Ainda assim, e apesar de o Tratado de Lisboa exigir uma maioria qualificada na votação para a chefia do Conselho Europeu, Merkel não quis deixar de defender a importância da unanimidade: «A procura pelo consenso é importante. Mesmo não estando dependentes da unanimidade […] devemos sempre tentar chegar a um acordo que tenha a aprovação de todos».

Polónia isolada e ofendida

Outrora apontada como o principal caso de sucesso da integração europeia, pela forma bem-sucedida como decorreram as reformas estruturais no país, após a implosão do bloco soviético, a Polónia atravessa, neste momento, um caminho de solidão no seio da UE, e a insistência na oposição a Tusk vem reforçar essa posição marginalizada, apenas partilhada, atualmente, com a Hungria de Viktor Orbán. 

Por trás da afronta de Szydło ao seu próprio compatriota, acusado pelo executivo polaco de se estar aproveitar da sua posição na União para fazer campanha contra o Governo, está uma rivalidade antiga, que envolve o atual Presidente do Conselho Europeu e Jaroslaw Kaczynski – o líder do PIS e o homem que concebe as linhas orientadoras para a governação –, e que remonta aos tempos em que estavam em lados opostos da barricada política na Polónia. O momento mais tenso, numa relação crispada de confronto político, deu-se em 2010, após um desastre de avião, na Rússia, que matou o ex-Presidente e irmão gémeo de Kaczynski. Tusk era primeiro-ministro na altura e foi fortemente criticado pelo seu opositor, por não ter forçado uma investigação mais profunda ao acidente, particularmente devido aos rumores sobre o alegado envolvimento da Rússia.

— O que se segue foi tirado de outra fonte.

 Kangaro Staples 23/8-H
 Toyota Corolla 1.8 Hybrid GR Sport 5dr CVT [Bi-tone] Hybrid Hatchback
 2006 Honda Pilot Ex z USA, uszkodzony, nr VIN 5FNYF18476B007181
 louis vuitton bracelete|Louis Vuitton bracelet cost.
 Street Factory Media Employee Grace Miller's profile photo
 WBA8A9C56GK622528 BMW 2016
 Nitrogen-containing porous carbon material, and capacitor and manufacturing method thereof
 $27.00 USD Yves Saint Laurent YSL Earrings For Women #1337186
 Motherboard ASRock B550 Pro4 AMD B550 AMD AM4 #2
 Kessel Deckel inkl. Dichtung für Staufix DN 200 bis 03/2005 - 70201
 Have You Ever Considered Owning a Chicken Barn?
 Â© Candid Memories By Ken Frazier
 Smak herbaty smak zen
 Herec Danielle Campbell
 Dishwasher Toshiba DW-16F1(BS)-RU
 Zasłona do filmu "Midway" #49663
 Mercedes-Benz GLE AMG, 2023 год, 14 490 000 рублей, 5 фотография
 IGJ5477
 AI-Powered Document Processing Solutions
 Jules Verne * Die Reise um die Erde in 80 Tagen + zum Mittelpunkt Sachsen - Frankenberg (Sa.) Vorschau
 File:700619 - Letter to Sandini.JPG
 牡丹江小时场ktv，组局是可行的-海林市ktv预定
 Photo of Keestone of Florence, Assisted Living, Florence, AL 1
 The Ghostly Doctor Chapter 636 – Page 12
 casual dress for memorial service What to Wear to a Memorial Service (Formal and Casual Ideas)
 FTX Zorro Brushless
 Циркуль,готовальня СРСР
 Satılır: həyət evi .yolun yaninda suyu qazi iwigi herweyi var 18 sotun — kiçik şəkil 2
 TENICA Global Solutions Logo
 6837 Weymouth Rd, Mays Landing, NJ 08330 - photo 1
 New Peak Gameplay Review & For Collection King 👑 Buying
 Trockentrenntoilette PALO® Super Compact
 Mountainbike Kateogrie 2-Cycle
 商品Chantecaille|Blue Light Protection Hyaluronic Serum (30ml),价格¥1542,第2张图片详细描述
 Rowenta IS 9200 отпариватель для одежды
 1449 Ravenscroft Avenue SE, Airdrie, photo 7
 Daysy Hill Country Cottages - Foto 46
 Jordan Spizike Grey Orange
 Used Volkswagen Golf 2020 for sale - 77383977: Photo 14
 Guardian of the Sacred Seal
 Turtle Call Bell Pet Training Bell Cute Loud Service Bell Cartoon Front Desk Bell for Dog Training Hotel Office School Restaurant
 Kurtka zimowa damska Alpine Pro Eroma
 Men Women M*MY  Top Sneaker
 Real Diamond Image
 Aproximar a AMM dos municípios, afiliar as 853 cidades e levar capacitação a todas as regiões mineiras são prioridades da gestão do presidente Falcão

A Polónia fez tudo para impedir a reeleição. Além de propor Wolksi, tentou convencer outros países a votar contra Tusk – nomeadamente o Reino Unido e a Hungria – e ainda pediu um adiamento da votação. Rejeitadas todas as soluções e confirmada a escolha da maioria dos Estados-membros, só ficava a faltar o tradicional documento da presidência do Conselho Europeu, com a apresentação das conclusões da cimeira. Mas ao contrário do habitual, também aquele não conseguiu reunir a unanimidade do órgão comunitário, já que o Governo polaco, ofendido pela forma como foi ultrapassado, mostrou-se indisponível para colaborar. Como tal, Tusk não teve outra opção senão esclarecer, no início do documento, que o mesmo «não reuniu o consenso por razões alheias à sua substância» e que as referências ao termo ‘Conselho Europeu’ «não devem ser entendidas como se implicassem uma aprovação formal» daquele, «atuando enquanto instituição». Uma conclusão pouco condizente com o ‘espírito europeu’, diga-se.